The fall in natural gas prices in the UK and Europe has definitely given households reason to rejoice. Gas prices in Europe have been falling steadily since August 2022, reaching €76/MWh in January 2023. This is mainly due to reduced demand after a warmer winter this season.
This creates additional pressure on the energy sector, with analysts expecting further price volatility in 2023. HSBC has cut its gas price forecast by 30% for 2023, but the bank believes prices will remain higher. .
Based on this context, we have shortlisted stocks from the National Grid utility sector (GB:NG) and ESS (GB:SSE) of the UK market. Currently, these stocks have not seen any impact on their share price and remain well positioned for the future.
Let’s take a look at how these companies are positioned.
SSE is among the UK’s largest electricity grid companies and leads the way in renewable energy generation. The company has a more diverse mix of business segments, making it more resilient to changing market conditions.
In January 2023, the company issued its third-quarter business statement, indicating that it has already reached 90% of its planned production in renewable energy generation. The company also updated its adjusted EPS to 150p, from 120p on prior orientation.
Analysts view SSE as a safe stock against falling gas prices as its share price does not yet reflect its transition into the renewables business. sam arie at UBS believes that SSE has “good exposure to energy prices over the next three years.” It forecasts earnings growth of 7-10% per year for the next five years.
Arie recently reiterated its buy rating on the stock at a 1,950 pence price target.
What is the target price for SSE PLC?
In the last year, the shares have gained nearly 20%and analysts remain bullish on further upside potential.
The stock is rated a Moderate Buy on TipRanks, with five Buy recommendations.
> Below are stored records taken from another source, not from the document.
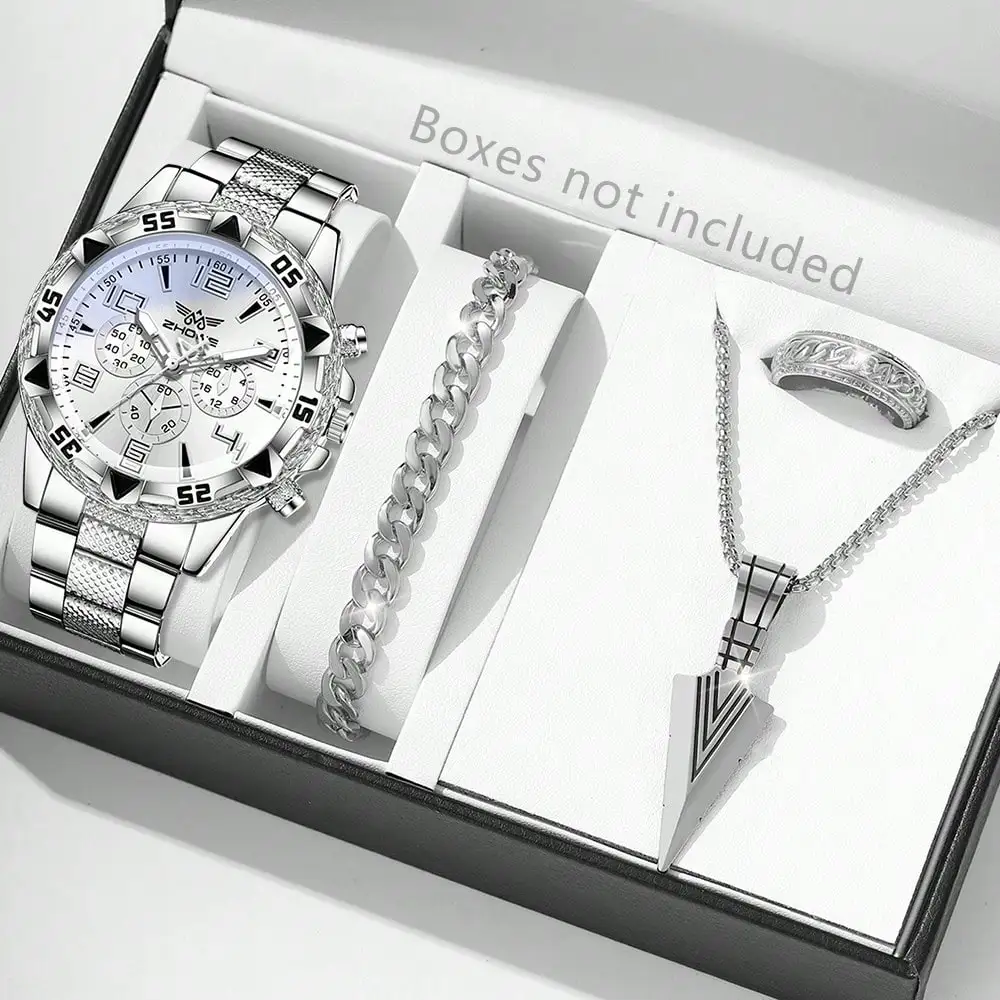 

4 шт., серебряные мужские модные повседневные кварцевые часы со смешанной шкалой, браслет, ожерелье, набор колец, подходят для украшения повседневного ношения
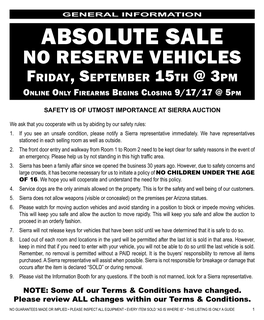 ABSOLUTE SALE NO RESERVE VEHICLES Friday, September 15Th @ 3Pm Online Only Firearms Begins Closing 9/17/17 @ 5Pm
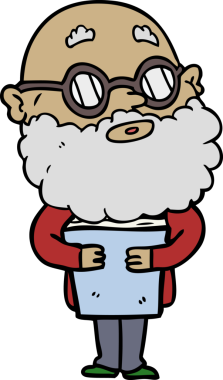 Bir insan tarafından çizilmiş sakallı ve gözlüklü meraklı bir adam.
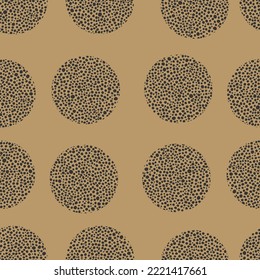 Animal print skin abstract vector hand-drawn seamles patterns with circles for textile design, paper, fabrics, digital, craft and ither design purposes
The average price target of SSE shares is 1,917.5 pence, which is up 9.2%. The price has a high forecast of 2,110p and a low forecast of 1,738p.
National Grid is a United Kingdom-based utility company engaged in the transmission and distribution of electricity. Being part of a recession-proof industry, the company enjoys consistent demand and profits.
On a long-term horizon of five years, NG shares have gained more than 75%. The company benefits from its dominant position in the market, as it controls 30.4 million residential and commercial areas in the UK. This was also clearly reflected in their financial numbers.
During the first half of the 2022-23 financial year, the company posted 45% growth in pre-tax profit of £1.5bn. This was the result of gains from electricity distribution in the UK, as well as sales to Berkeley Group Holdings. (GB:BKG).
Going forward, analysts remain optimistic about the company’s revenue as they forecast higher demand for electricity in the coming years. the company too raised his guide for the full year and now expects EPS growth of 6-8%. NG is also targeting an asset growth CAGR of 8-10% over the next three years.
Is National Grid Stock a Buy?
According to the TipRanks analyst rating consensus, stock It has a Moderate Buy rating. The stock has four buy recommendations and four hold recommendations.
The NG share price forecast is 1,104 pence, 6.4% higher than the current price level.
Going forward, heating demand will remain strong during the remaining months of cold weather in Europe. This will support gas prices, but volatility is expected to continue into 2023. Falling gas prices could affect energy company share prices, but may also create a better entry point for investors.